## SUPPLIED DATA
........

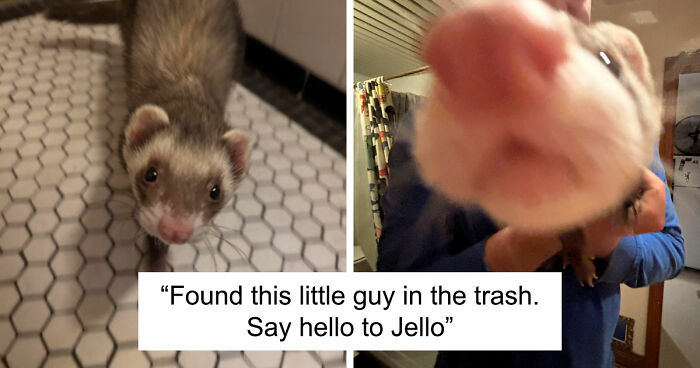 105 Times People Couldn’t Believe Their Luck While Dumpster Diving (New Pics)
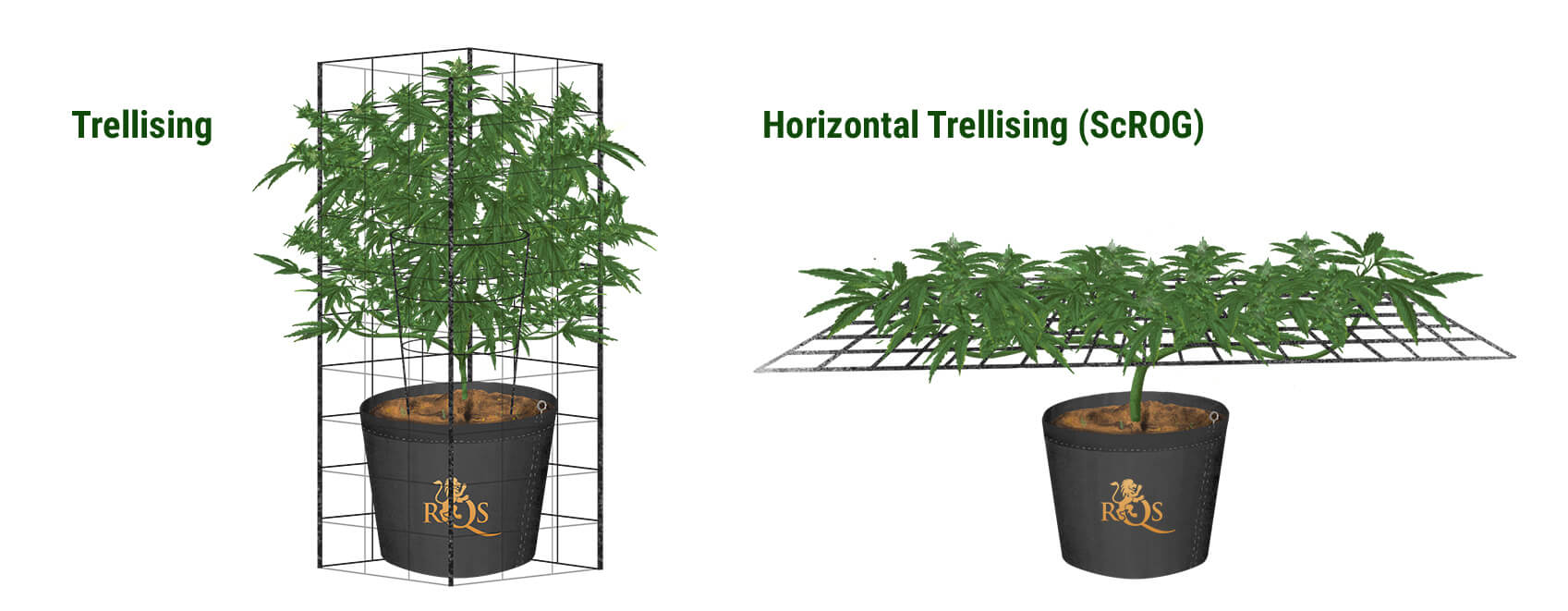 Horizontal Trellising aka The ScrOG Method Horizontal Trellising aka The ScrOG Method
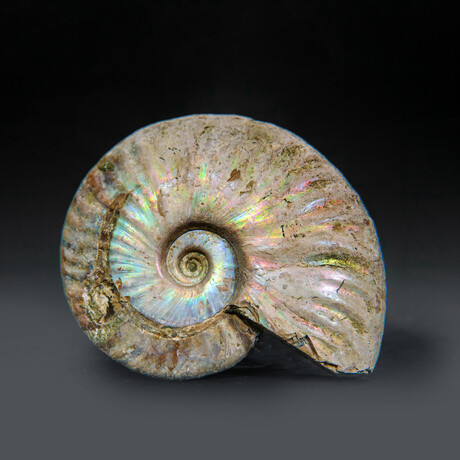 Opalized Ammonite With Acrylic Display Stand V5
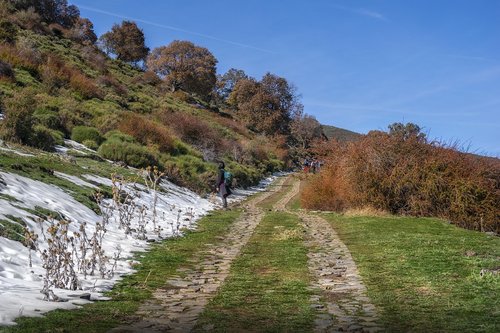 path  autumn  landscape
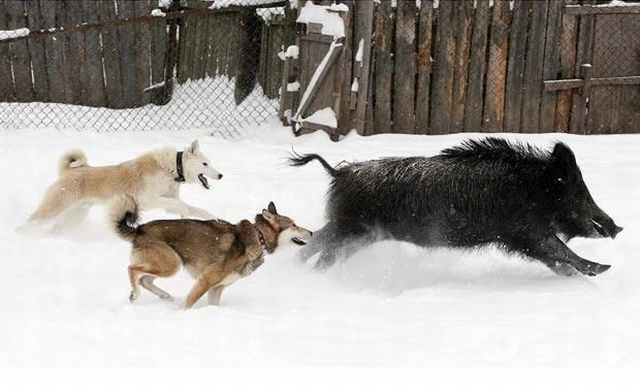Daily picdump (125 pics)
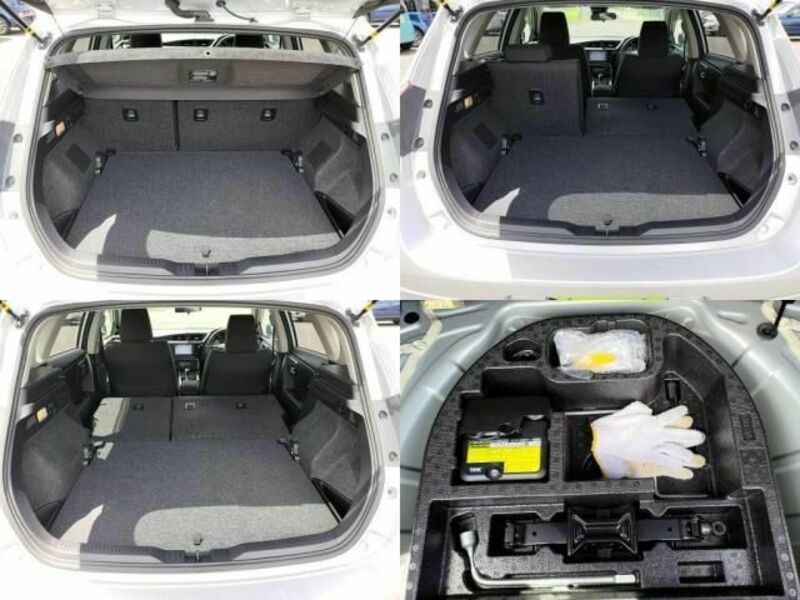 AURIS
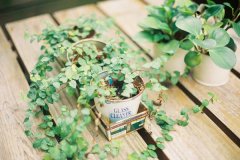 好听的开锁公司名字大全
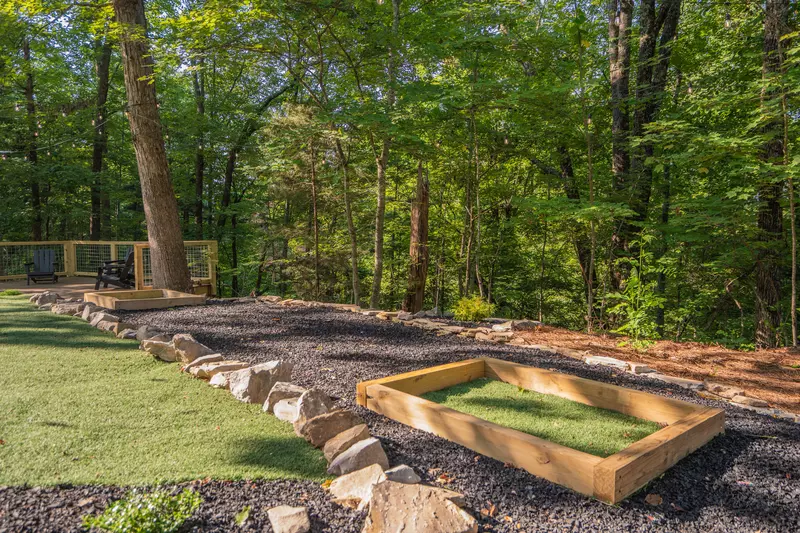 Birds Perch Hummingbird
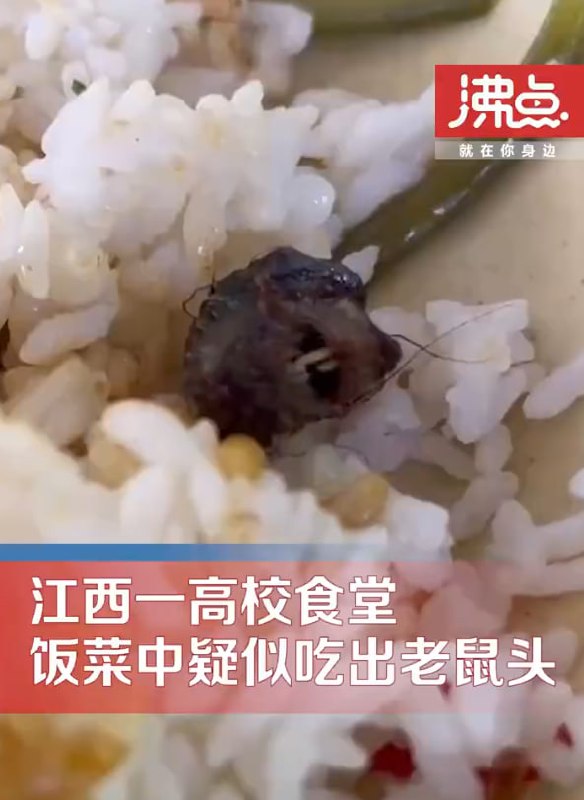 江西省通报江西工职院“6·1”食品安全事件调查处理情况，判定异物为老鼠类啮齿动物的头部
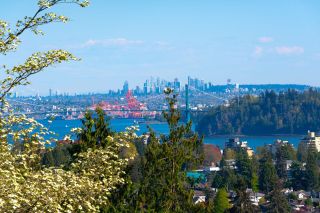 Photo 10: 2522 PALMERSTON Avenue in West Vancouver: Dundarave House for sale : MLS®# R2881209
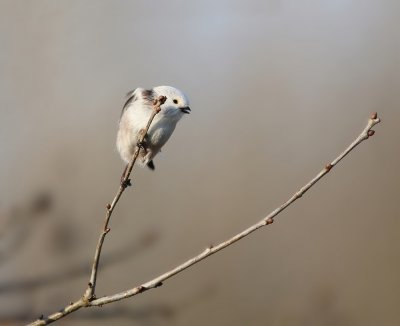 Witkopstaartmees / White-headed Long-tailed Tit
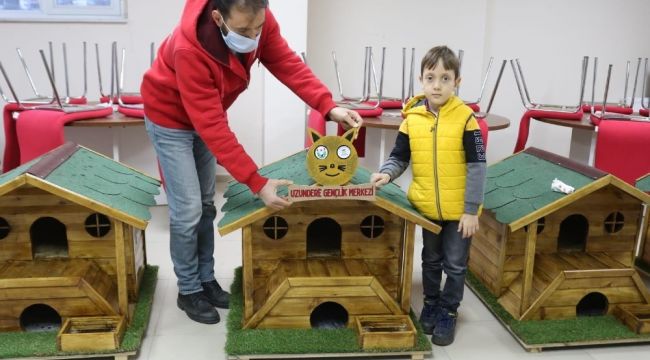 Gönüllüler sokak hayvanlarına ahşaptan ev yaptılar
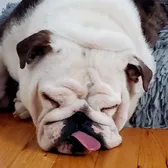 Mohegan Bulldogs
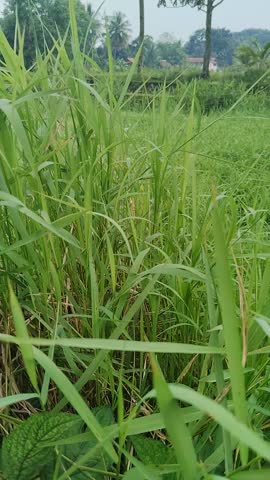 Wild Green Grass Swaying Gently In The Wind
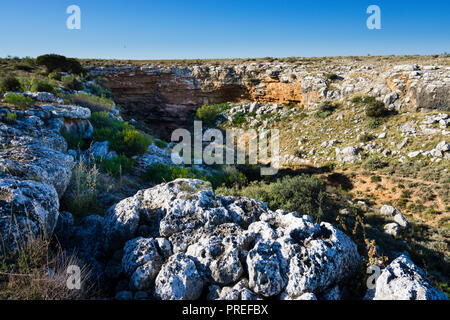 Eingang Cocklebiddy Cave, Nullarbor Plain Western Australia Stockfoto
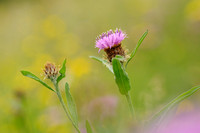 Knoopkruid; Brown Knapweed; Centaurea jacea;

........

## WORK REQUIRED
Without copying any picture, repeat all of the entries exactly.

## RESULT
 105 Times People Couldn’t Believe Their Luck While Dumpster Diving (New Pics)
 Horizontal Trellising aka The ScrOG Method Horizontal Trellising aka The ScrOG Method
 Opalized Ammonite With Acrylic Display Stand V5
 path  autumn  landscape
Daily picdump (125 pics)
 AURIS
 好听的开锁公司名字大全
 Birds Perch Hummingbird
 江西省通报江西工职院“6·1”食品安全事件调查处理情况，判定异物为老鼠类啮齿动物的头部
 Photo 10: 2522 PALMERSTON Avenue in West Vancouver: Dundarave House for sale : MLS®# R2881209
 Witkopstaartmees / White-headed Long-tailed Tit
 Gönüllüler sokak hayvanlarına ahşaptan ev yaptılar
 Mohegan Bulldogs
 Wild Green Grass Swaying Gently In The Wind
 Eingang Cocklebiddy Cave, Nullarbor Plain Western Australia Stockfoto
 Knoopkruid; Brown Knapweed; Centaurea jacea;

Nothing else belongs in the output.